According to Vice President for Finance and Administration Rebecca Vazquez-Skillings, the financial implications of canceling this year’s Commencement & Reunion Weekend and hosting a combined celebration are not yet known. The administration is currently renegotiating contracts with vendors, some of which are binding.
“I don’t have quite enough details or information yet to know what the impact will be next year,” Vazquez-Skillings said. “There would certainly be some savings from canceling Commencement this year. But it’s difficult to talk about what that balance will be between potential savings this year and what costs might look like next year, without knowing quite what the program will be.”
Over 80 universities and colleges around the county have also postponed or canceled graduation ceremonies for the class of 2020, with some opting for a virtual ceremony.
According to President Ambar’s email, students who originally hoped to receive their diplomas in person this May will still get a chance to celebrate their graduations, albeit in an online manner.
“First, we are working hard to plan a virtual way to mark May 25, 2020, that reflects the student-first orientation of Commencement,” President Ambar wrote in the email. “We have what we believe to be a great idea, but we would like to work with Student Senate before we unveil it.”
Henry Hicks, College third-year and chair of Student Senate, first learned of the potential collaboration between Senate and the administration in planning this virtual celebration via President Ambar’s email. Student Senate plans to work closely with administrators to ensure that graduating students’ voices are heard in the planning process.
“Student Senate is looking forward to collaborative work regarding Commencement, and hopes to provide an option that is both satisfying to fourth-years, and accounts for the necessity of social-distancing during this public health crisis,” Hicks wrote in an email to the Review. “As the semester continues, Student Senate will remain active in our advocacy for the issues affecting students during this time.”
Students have expressed concerns about where planning will go from here. College fourth-year Nae McClain served last year as class president for this year’s graduating class. In the past, class officers played a significant role in planning Commencement, but the class council system was discontinued this year.
McClain said that, while she is happy there will be a ceremony at some point, she has mixed feelings about the announcement, and feels that many of her fellow fourth-years agree.
“I think for me it’s hard to be too excited about things, though, until all of the details are worked out and made public,” McClain wrote in a message to the Review. “I think now I just have so many questions that nobody really has answers to. … Commencement is important for a lot of people, especially for first-generation students, so I’m hoping it can be just as special for them as it would’ve been if we had it this year.”
According to Chief of Staff for Advancement Lauren Haynes, the administration will engage various stakeholders — including reunion class planning committees — in the coming weeks and months to plan the joint ceremony.

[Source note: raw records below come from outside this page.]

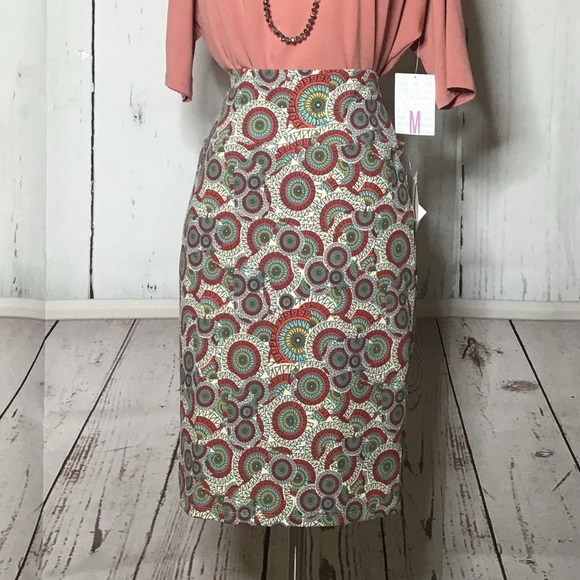 Lularoe Cassie Skirt - Picture 7 of 13
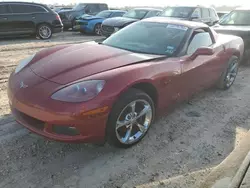 Compre carros salvage a la venta ahora en subasta: 2005 Chevrolet Corvette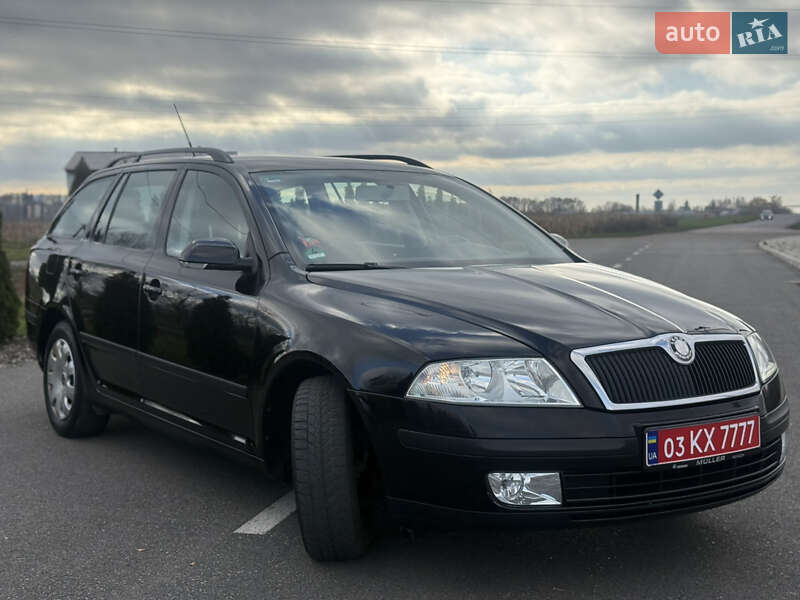 Универсал Skoda Octavia 2006 в Березане фото 4 Универсал Skoda Octavia 2006 в Березане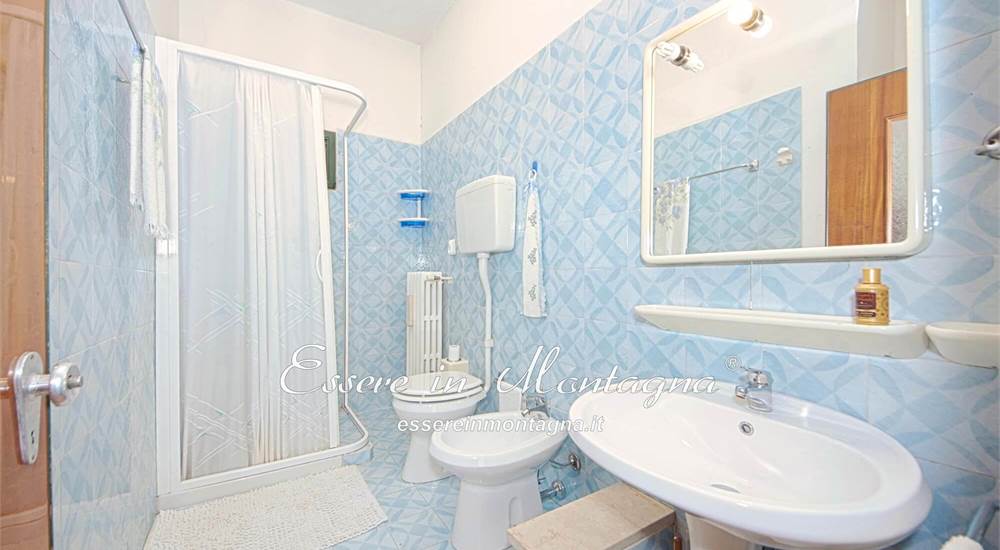 Il bagno zona notte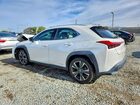 2020 Lexus Ux 250h White vin: JTHP9JBH6L2032374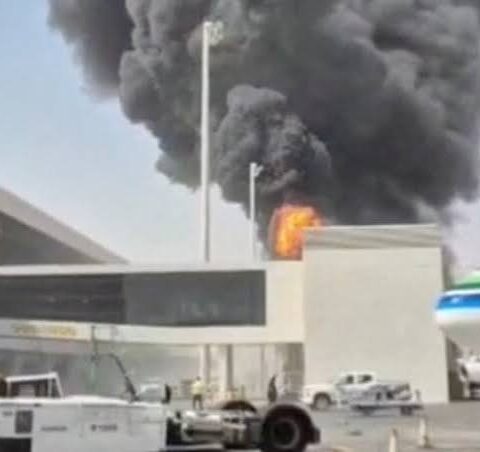 استهداف مطار الرياض من طرف الحوثيين وسفارات عدة تنصح موظفيها بعدم استخدامه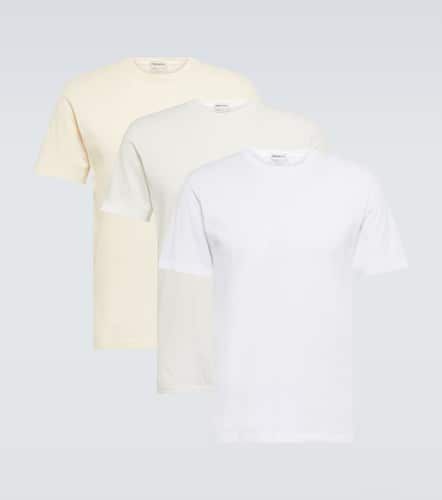 Set de 3 t-shirts en coton - Maison Margiela - Modalova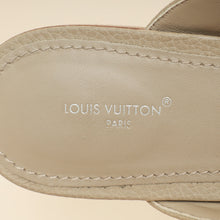 Louis Vuitton Galet Mare Open Back Loafer 40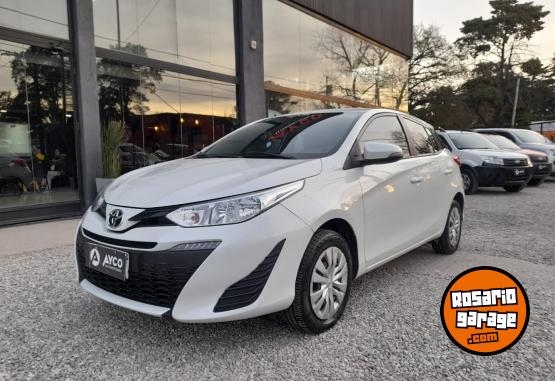 Autos - Toyota YARIS 1.5 XS 2019 Nafta  - En Venta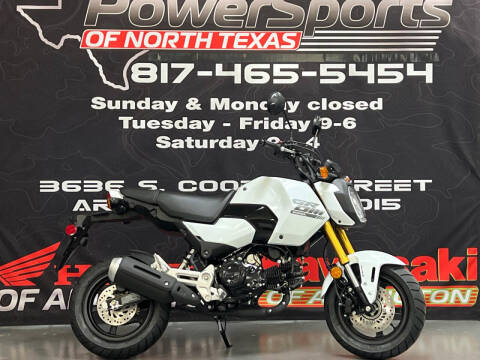 2026 Honda Grom ABS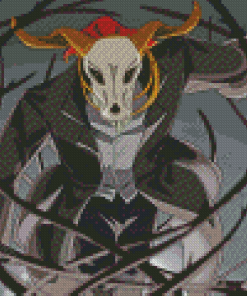 Elias Ainsworth Diamond Painting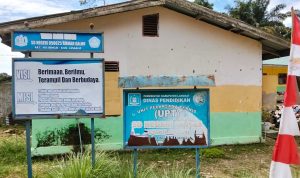Pengelolaan Dana BOS SDN Rumah Galoh Sei Bingai Langkat Diduga Menguap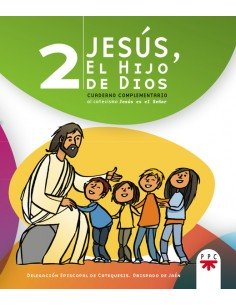 Jesús es el Señor es el Catecismo de la Conferencia Episcopal Española (CEE) para la iniciación cristiana de los niños de 6 al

These committees typically begin working two years prior to their reunion celebrations.
President Ambar’s email also stated that the administration will assemble a group of students from the Class of 2020 to help plan next year’s celebration.
Administrators are empathetic to graduating students who found their last semester at Oberlin and subsequent Commencement events suddenly cut short.
“We all feel the loss,” Vazquez-Skillings said. “Commencement is the culminating experience — Commencement activities and various senior exercises, senior recitals, research projects. [We] know, particularly for seniors, that this was a really abrupt end to the year, … but I would say that the key driver is health and safety.”